## [Source material]
>>>>>

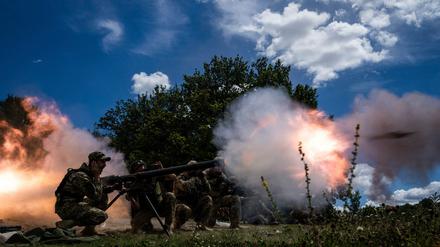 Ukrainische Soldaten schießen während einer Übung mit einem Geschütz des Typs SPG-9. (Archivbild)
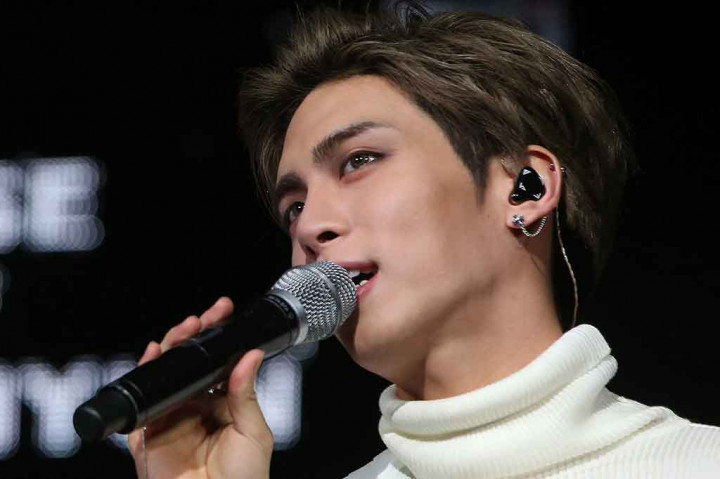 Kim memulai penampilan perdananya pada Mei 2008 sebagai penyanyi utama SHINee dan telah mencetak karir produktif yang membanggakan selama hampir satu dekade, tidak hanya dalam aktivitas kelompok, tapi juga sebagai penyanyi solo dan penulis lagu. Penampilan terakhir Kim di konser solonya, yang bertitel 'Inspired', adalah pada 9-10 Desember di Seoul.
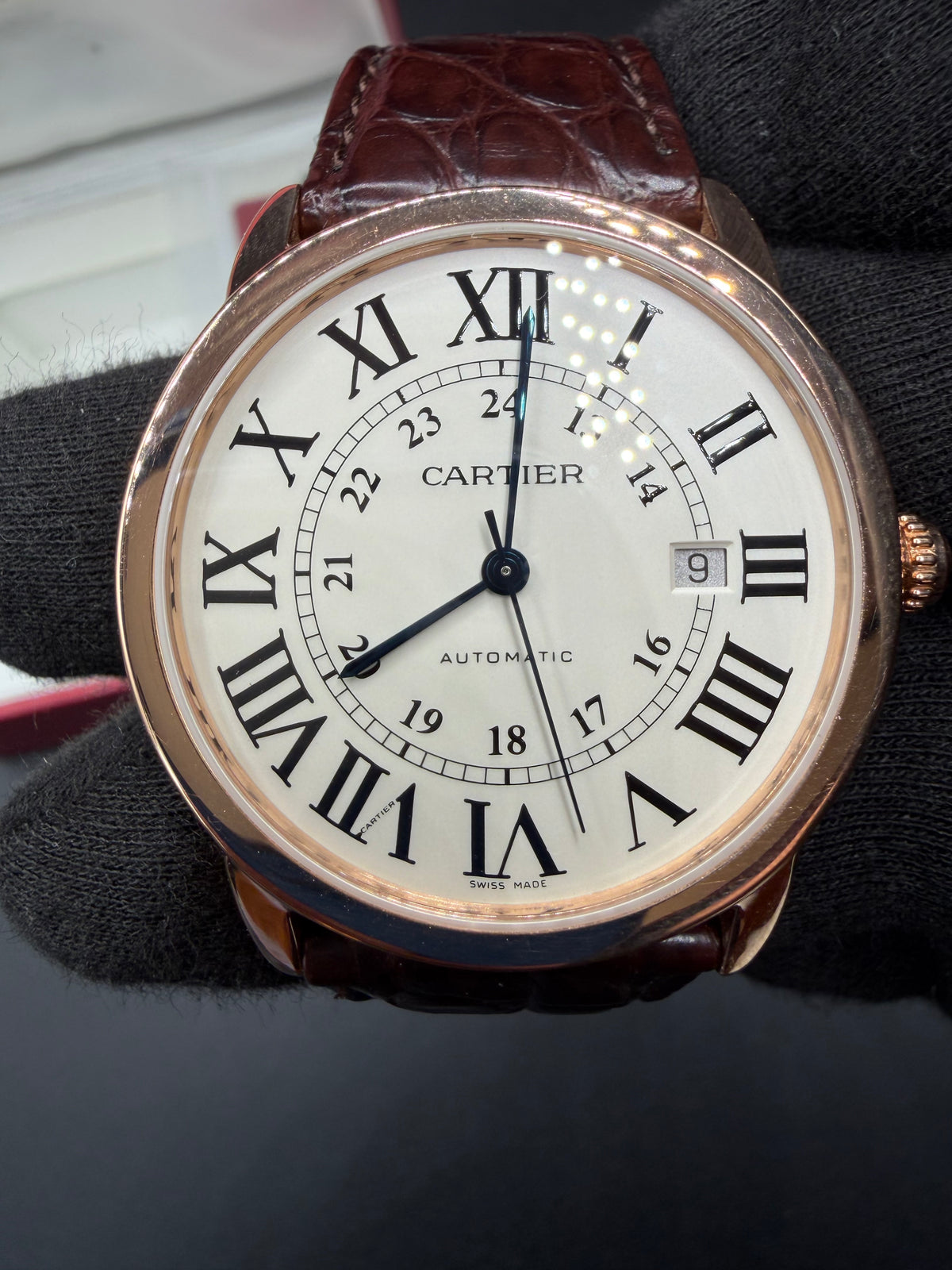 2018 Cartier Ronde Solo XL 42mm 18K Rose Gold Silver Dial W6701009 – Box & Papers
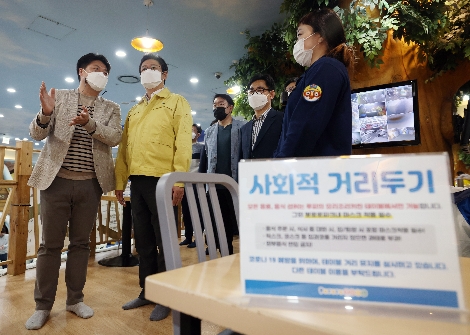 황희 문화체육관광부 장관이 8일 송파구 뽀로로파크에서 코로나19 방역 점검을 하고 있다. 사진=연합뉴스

<<<<<
>>>>>

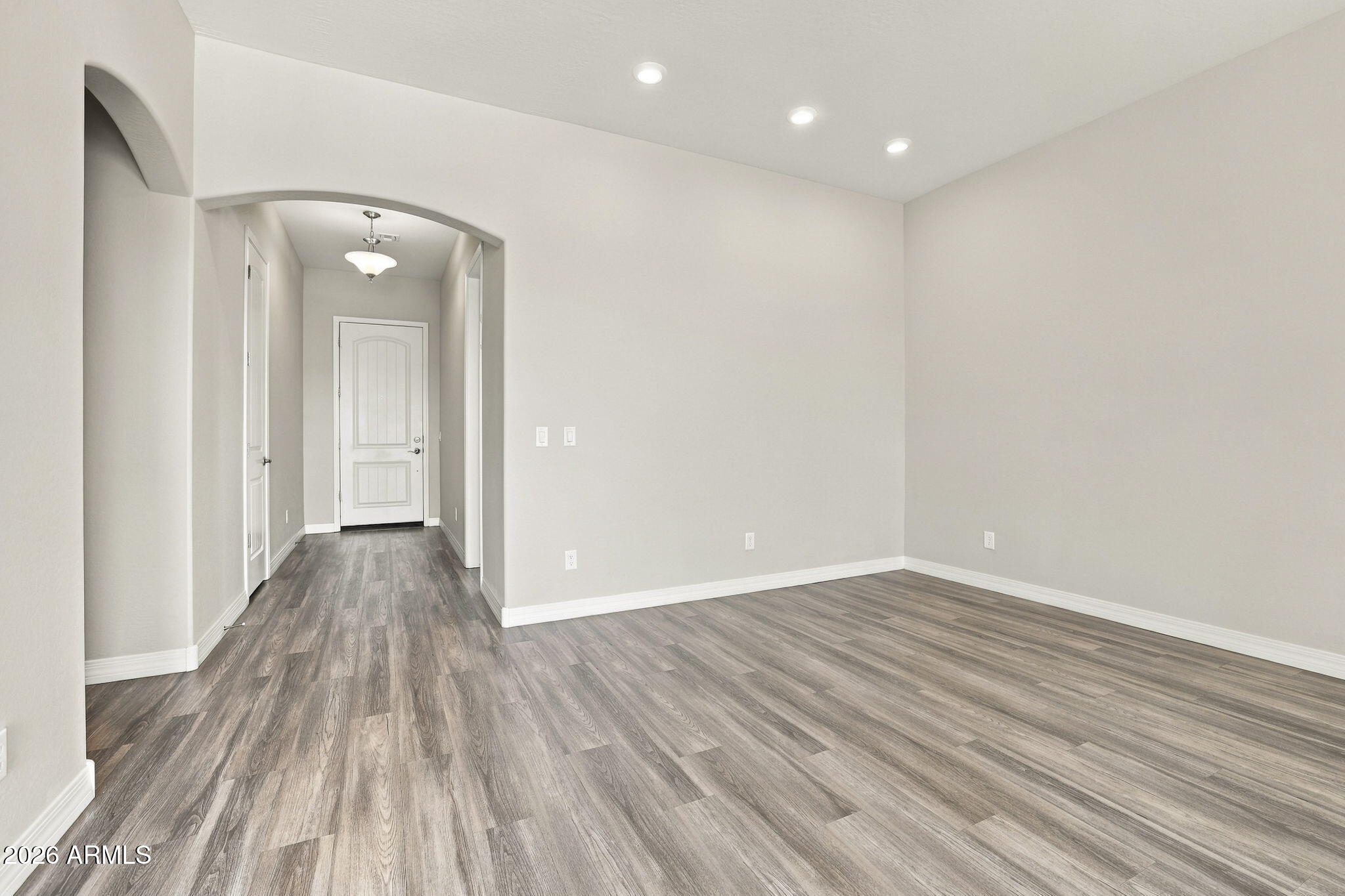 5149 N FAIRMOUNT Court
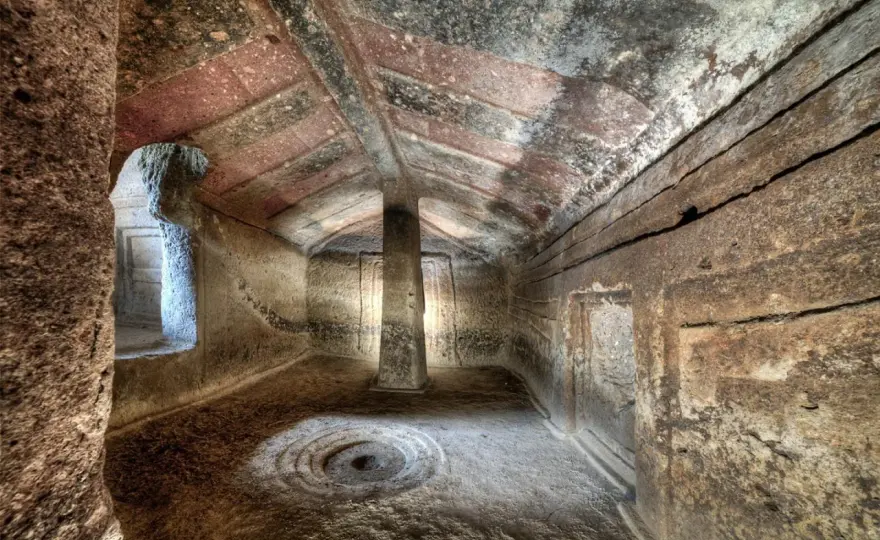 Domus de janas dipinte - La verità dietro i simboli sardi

<<<<<

## [What this task involves]
Print exactly the lines above that run from the one with "Kim memulai penampilan" down to the one with "황희 문화체육관광부 장관이", and omit the pictures.

## [Response below]
 Kim memulai penampilan perdananya pada Mei 2008 sebagai penyanyi utama SHINee dan telah mencetak karir produktif yang membanggakan selama hampir satu dekade, tidak hanya dalam aktivitas kelompok, tapi juga sebagai penyanyi solo dan penulis lagu. Penampilan terakhir Kim di konser solonya, yang bertitel 'Inspired', adalah pada 9-10 Desember di Seoul.
 2018 Cartier Ronde Solo XL 42mm 18K Rose Gold Silver Dial W6701009 – Box & Papers
 황희 문화체육관광부 장관이 8일 송파구 뽀로로파크에서 코로나19 방역 점검을 하고 있다. 사진=연합뉴스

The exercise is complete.